Since arriving here, we have put three kids through high school, seen them go to college, seen them marry and then seen them have children of their own. We own a beautiful home where I can sit in the back garden and watch deer, turkeys, possum, raccoons, butterflies, hummingbirds, other beautiful birds and yes, more than a few mosquitos.

We have made amazing lifelong friends here and built a wonderful life for ourselves. In short we have loved Nebraska and it has been a grand adventure, but now it is time to go.

We have a new adventure beginning in just a few weeks. This one is called, "The Adventures of Derek and Leni".  We have raised our kids. We adore them and we adore our grandchildren, but now we are ready to make new and exciting (hopefully not TOO exciting)  memories. There are two truly exciting components to this new adventure. The first is that, while we know we are leaving Nebraska, we have no idea where we are going! The second is that it will be just the two of us and every adventure is better with Derek beside me.

So, what does all this mean?  Well...drum roll please...

Derek has accepted a position with the State Department, Foreign Service. What this means for the near future is that in two weeks we will be leaving for Washington D.C. for orientation into State Department Life, policies and procedures. Orientation will last until the end of September at which time (yes, AFTER giving up his current position and all illusions of security), we will find out what country we will be posted to. Derek will stay on in D.C. until February for additional training and I will come back to Nebraska to get our house ready to sell and see our kids and grandkids as much as humanly possible. 

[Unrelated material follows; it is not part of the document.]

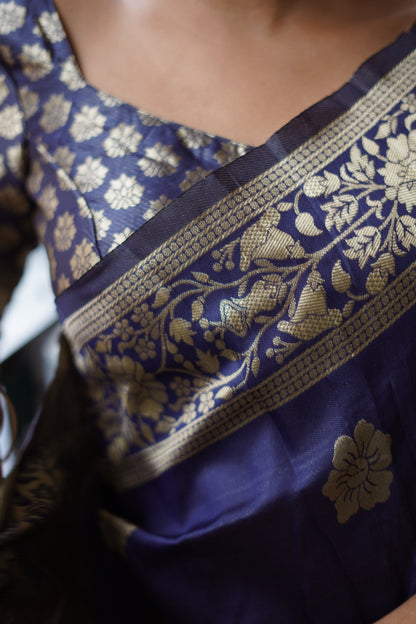 Blue Pure Soft Silk Saree With Twirling Blouse Piece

For those of you who are not familiar with the Foreign Service, we could be posted to any Embassy or Consulate in the world. Unfortunately, there is a small chance that Derek could be assigned an unaccompanied posting for a year, in which case our Nebraska friends haven't seen the last of me yet, but we are making it quite clear to them that I really am willing to go just about anywhere, so hopefully we will be going together:-)

Rest assured, we will let everyone know when we find out where we are going.

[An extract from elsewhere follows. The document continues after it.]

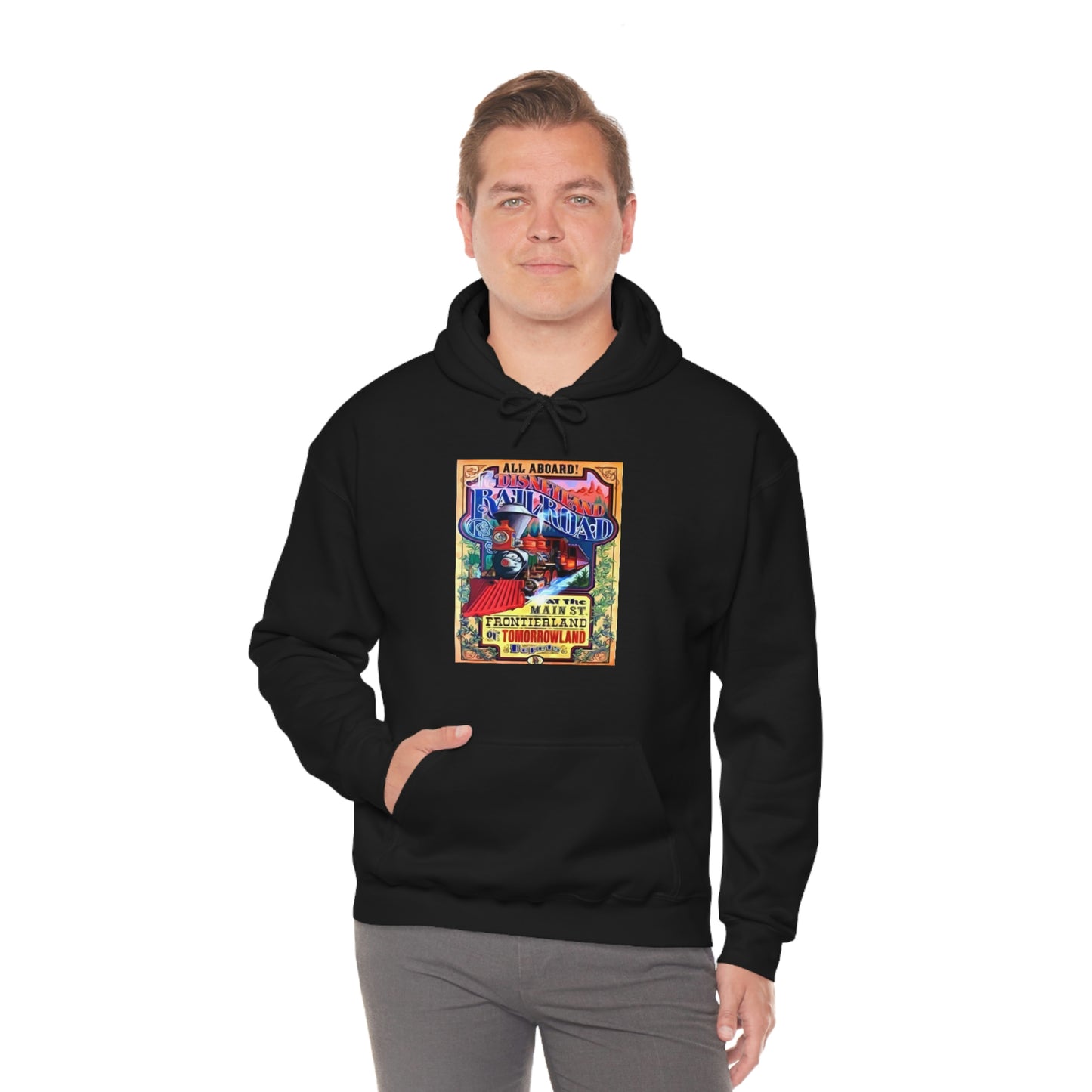 Unisex Heavy Blend Hooded Sweatshirt DISNEYLANDS RAILROAD VINTAGE Poster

To all of you who have made our lives amazing here in Nebraska, we love you and thank you. And welcome you to come visit us where ever we end up. 

You all have made Nebraska a truly grand adventure indeed!


Thursday, April 10, 2014

A Fishy Affair

I hate fish! Stupid conniving, slippery little back stabbers! I provide them with a lovely home and then they turn on me!

After six years, it appears that our pond is in need of some repairs. The water level is going down each day at an alarming rate and so we have reached out to our original landscapers to come in and do some work on it. Unfortunately, this requires the removal of the koi living in it. We had to wait as long as possible to remove the fish because it has been too cold. In case you didn't already know, you aren't supposed to disturb Koi when they are cold and in their winter stasis.

So as yesterday was finally blissfully warm, I donned the appropriate fish finding attire and ventured my way into the pond. yes, INTO the pond. I had only a smallish net, so standing on the bank was not an option. The first thing I noticed as I entered the pond was that while the ambient temperature was around 80, the water temperature most certainly was not. The chill of winter clung tenaciously to the water and bit at my thighs. It's a 2,500 gal pond so they had a lot of places to go. I was starting to feel pretty stupid for even imagining that I could possibly catch them with my little net.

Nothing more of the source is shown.